En 1883, MM les Docteurs Dejeanne et L.Cazalas ont procédé à une inspection très minutieuse des goitres existant chez les enfants qui fréquentaient en ce moment l’école des garçons. Ils ont constaté, à ma grande surprise, que 33 élèves, c'est-à-dire la moitié de la population scolaire, étaient atteints plus ou moins gravement de l’endémie du goitre. Vers la même époque, une visite faite dans le même but dans l’école de Lesponne, hameau de Bagnères, établissait que sur 60 élèves, cinq ou six à peine étaient à l’abri de l’endémie. A Gerde, ils ont en outre constaté que la plupart des cas ne présentait aucun caractère de gravité et ils ont affirmé que chez presque tous l’infirmité disparaissait au fur et à mesure qu’ils grandissaient.
Ils ont appelé mon attention sur une particularité de vêtement : cou nu exposé à l’action de l’aise, constriction inférieure par le col de la chemise, conditions qui doivent gêner la circulation veineuse et favorisent la production du goitre. Ces messieurs ont été unanimes à reconnaître que l’endémie goitreuse diminue là où le bien-être augmente. Il est en effet de notoriété publique qu’à Gerde cette endémie est en décroissance rapide depuis le partage de certains communaux dont la culture a considérablement augmenté les ressources alimentaires, la création de l’industrie marbrière, la restauration et la construction de maisons bâties d’après les nouveaux types, l’élargissement des rues et enfin la création des fontaines dont l’eau est de beaucoup supérieure à celle qui traverse le village. Au hameau, il est très rare que l’on ait à constater un seul cas de goitre. Cependant la seule eau potable que l’on puisse se procurer est puisée soit dans quelques rares puits, soit dans des sources jaillissant dans des prairies plus ou moins marécageuses. Ce qui vient d’être dit à ce sujet semblerait prouver que la présence du goitre ne peut pas être attribuée aux propriétés dont jouissent certaines eaux potables.
II
La population totale de Gerde s’élève, d’après le recensement de 1886, au chiffre de 836 habitants. Ce chiffre ne varie pas sensiblement depuis de longues années. Si le recensement de 1881 l’avait porté à 882, c’est par suite d’une erreur commise par les commissaires recenseurs.

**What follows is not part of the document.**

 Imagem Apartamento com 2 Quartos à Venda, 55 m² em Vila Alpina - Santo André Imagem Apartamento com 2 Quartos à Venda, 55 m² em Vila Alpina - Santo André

La commune comprend le village qui compte 177 ménages et 612 habitants et un hameau qui possède 39 feux et 224 individus.

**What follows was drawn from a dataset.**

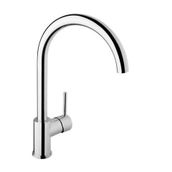 Artema Minimax S A42091 Krom Eviye Bataryası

Le village, à son tour, se divise en quartiers, à savoir :
1er - le quartier du moulin avec sept ménages et 21 habitants
2ème- le quartier du bas du village avec 34 feux et 92 habitants
3ème- le quartier du Limaca avec 31 feux et 113 habitants
4ème- le quartier de Nicharre avec 23 feux et 70 habitants
5ème- le quartier de Sibérie avec 18 feux et 60 habitants
6ème- le quartier de Ste Anne avec 19 feux et 80 habitants
7ème- le quartier du Theilh ou d’Estantère avec 13 feux et 58 habitants
8ème- le quartier de la Fontaine avec 32 feux et 118 habitants
Le hameau forme un seul quartier et est connu sous le nom de Forêt de Gerde.
La commune n’est point sectionnée. Elle est administrée par un maire assisté de onze membres du conseil municipal ayant tous leur domicile au village. La population appartient au culte catholique et est desservie par un prêtre habitant le chef-lieu. La perception des impôts se fait par les soins du fonctionnaire résidant à Campan. Pour les postes et télégraphes, Gerde est desservie directement par le bureau de Bagnères. Le centime vaut 29 francs. Les revenus ordinaires produits par les taxes affouagères, la ferme de biens communaux non soumis au régime forestier, la vente des herbes qui poussent sur des pelouses et enfin les subventions accordées par l’Etat pour le service de l’instruction primaire forment annuellement un total de 3300 francs environ.
III
Les principales cultures locales sont celles du blé, du maïs, du haricot, des pommes de terre et des carottes. En plaine, l’hectare de terrain produit jusqu’à trente hectolitres de froment tandis que sur les coteaux on obtient, dans les années favorables, la moitié au plus de ce rendement exceptionnel. Les mêmes proportions sont gardées pour toutes les autres cultures. Malheureusement le terrain de la plaine offre l’inconvénient grave d’être trop morcelé et de constituer la propriété du quart seulement de la population du village. Le reste de cette population est exclusivement compos é d’ouvriers marbriers, de charpentiers, de maçons et de cordonniers qui sont presque continuellement occupés à Bagnères.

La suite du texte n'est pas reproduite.